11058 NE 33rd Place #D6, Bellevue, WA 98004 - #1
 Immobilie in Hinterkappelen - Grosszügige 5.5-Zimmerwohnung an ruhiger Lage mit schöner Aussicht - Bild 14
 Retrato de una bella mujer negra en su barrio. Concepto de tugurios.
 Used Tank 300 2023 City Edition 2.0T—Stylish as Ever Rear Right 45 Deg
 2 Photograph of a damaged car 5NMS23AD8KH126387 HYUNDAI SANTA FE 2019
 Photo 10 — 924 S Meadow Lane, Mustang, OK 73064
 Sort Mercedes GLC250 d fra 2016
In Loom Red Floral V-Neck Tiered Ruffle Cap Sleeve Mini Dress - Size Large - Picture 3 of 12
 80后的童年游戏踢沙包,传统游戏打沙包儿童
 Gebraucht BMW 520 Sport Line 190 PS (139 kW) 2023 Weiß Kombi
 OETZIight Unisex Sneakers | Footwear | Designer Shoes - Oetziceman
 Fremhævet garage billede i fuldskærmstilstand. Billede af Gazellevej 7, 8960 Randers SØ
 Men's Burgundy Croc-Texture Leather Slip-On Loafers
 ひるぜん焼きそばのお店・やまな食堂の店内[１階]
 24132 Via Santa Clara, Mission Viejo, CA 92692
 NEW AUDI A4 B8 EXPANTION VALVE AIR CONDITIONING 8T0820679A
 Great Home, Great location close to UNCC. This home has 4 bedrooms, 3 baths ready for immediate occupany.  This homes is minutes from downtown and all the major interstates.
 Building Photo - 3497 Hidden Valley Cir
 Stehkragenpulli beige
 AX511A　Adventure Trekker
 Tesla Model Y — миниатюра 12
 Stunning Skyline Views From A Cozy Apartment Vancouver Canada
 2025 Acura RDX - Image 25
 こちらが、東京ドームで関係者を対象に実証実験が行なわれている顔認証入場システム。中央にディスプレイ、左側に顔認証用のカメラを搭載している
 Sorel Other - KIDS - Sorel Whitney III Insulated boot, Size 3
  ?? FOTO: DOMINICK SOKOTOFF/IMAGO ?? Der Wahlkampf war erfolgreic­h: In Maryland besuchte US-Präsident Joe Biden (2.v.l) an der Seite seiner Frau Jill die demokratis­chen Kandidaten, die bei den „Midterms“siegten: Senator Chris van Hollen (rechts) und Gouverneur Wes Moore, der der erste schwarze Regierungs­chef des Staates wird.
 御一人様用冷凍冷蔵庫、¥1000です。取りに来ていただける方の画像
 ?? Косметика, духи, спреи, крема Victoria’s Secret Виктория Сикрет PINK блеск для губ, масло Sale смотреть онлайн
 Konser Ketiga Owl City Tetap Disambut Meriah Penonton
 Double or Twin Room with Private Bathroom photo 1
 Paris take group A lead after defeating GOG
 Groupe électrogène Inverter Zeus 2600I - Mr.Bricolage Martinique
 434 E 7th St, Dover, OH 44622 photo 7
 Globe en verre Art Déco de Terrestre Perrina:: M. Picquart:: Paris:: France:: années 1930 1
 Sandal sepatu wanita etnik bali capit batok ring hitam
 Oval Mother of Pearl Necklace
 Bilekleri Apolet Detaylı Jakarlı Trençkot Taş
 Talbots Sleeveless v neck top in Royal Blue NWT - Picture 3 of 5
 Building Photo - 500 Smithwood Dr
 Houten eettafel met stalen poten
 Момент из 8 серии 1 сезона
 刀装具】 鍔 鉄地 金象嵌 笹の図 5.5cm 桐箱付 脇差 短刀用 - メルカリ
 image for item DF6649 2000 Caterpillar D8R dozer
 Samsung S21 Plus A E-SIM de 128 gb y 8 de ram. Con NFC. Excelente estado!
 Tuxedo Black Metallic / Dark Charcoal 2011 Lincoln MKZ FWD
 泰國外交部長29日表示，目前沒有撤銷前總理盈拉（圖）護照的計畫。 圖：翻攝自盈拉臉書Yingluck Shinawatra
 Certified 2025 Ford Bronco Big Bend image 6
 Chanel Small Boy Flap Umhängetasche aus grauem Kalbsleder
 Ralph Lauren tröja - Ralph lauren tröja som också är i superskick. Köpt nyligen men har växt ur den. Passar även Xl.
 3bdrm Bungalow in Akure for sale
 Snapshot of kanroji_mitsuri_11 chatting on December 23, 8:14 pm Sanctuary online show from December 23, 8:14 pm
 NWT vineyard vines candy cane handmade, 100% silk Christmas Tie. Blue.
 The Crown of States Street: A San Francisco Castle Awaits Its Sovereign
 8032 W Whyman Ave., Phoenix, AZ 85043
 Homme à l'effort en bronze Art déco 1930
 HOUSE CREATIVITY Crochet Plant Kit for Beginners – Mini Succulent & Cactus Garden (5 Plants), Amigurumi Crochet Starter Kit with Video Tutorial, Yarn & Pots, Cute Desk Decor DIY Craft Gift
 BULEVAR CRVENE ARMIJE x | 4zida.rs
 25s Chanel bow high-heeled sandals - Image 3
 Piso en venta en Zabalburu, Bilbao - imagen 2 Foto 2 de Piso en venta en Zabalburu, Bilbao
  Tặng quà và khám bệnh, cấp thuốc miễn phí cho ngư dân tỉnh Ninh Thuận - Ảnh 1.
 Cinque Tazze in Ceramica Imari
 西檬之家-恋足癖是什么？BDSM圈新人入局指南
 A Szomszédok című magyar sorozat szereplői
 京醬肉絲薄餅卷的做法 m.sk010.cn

────────────────────

- **Task requirements**
Every line in the records above that contains the word "Size" should be copied out.

- **Problem solution**
In Loom Red Floral V-Neck Tiered Ruffle Cap Sleeve Mini Dress - Size Large - Picture 3 of 12
 Sorel Other - KIDS - Sorel Whitney III Insulated boot, Size 3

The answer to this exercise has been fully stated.